Data provided |
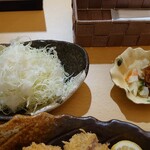 とんかつ みそ家 - キャベツと漬物2種　
お代わりはご飯、お味噌汁、キャベツ、漬物も！
可能なんだよねえ！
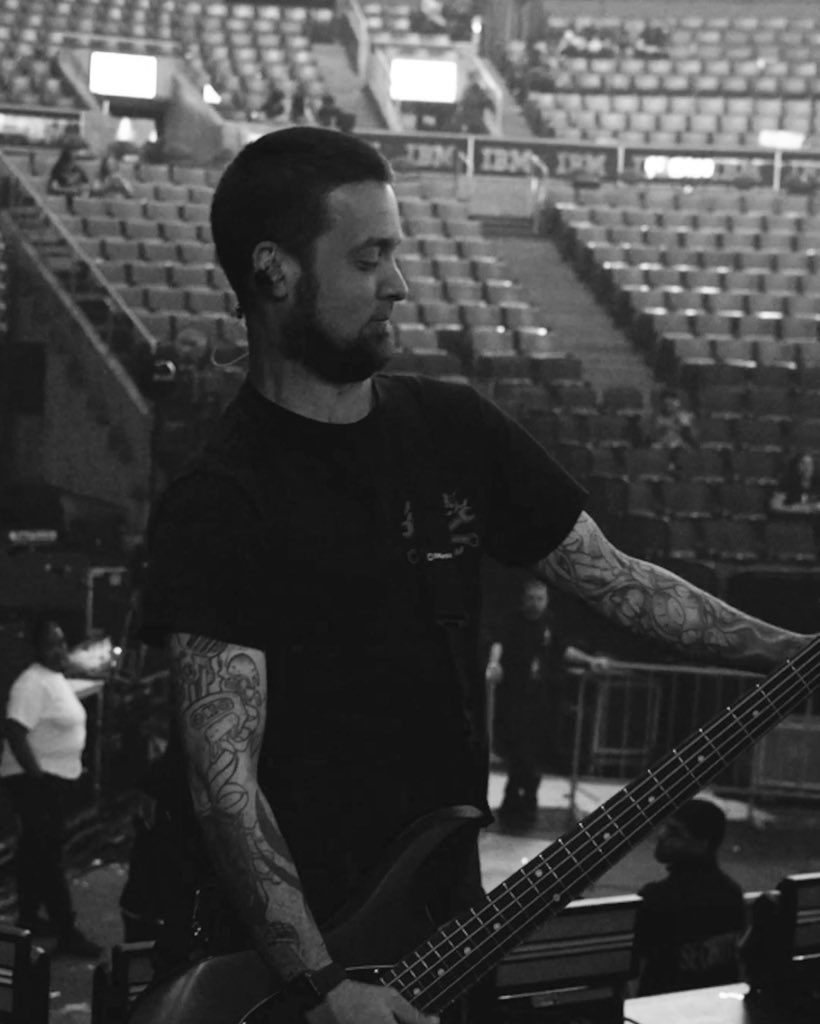 GuitarTechTom's tweet photo. 😎 I’m just a lucky dude who absolutely loves his job 🎸

 📸 credit: @sk8orjuan 

#guitartechnician #stagerightcrew #whatsonyourbench #tourlife #stagemanager #crewchief #basstechnician #beautyschooldropout #blink182 #turnstile #tour #instagood #latergram #ernieball #iplayslinky #ultimateearspro #iuseue #toronto #northamericantour #arenatour #roadcrew #wearetheroadcrew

Activity | All records above must be output exactly as they stand, excluding pictures.

Exercise response |
 とんかつ みそ家 - キャベツと漬物2種　
お代わりはご飯、お味噌汁、キャベツ、漬物も！
可能なんだよねえ！
 GuitarTechTom's tweet photo. 😎 I’m just a lucky dude who absolutely loves his job 🎸

 📸 credit: @sk8orjuan 

#guitartechnician #stagerightcrew #whatsonyourbench #tourlife #stagemanager #crewchief #basstechnician #beautyschooldropout #blink182 #turnstile #tour #instagood #latergram #ernieball #iplayslinky #ultimateearspro #iuseue #toronto #northamericantour #arenatour #roadcrew #wearetheroadcrew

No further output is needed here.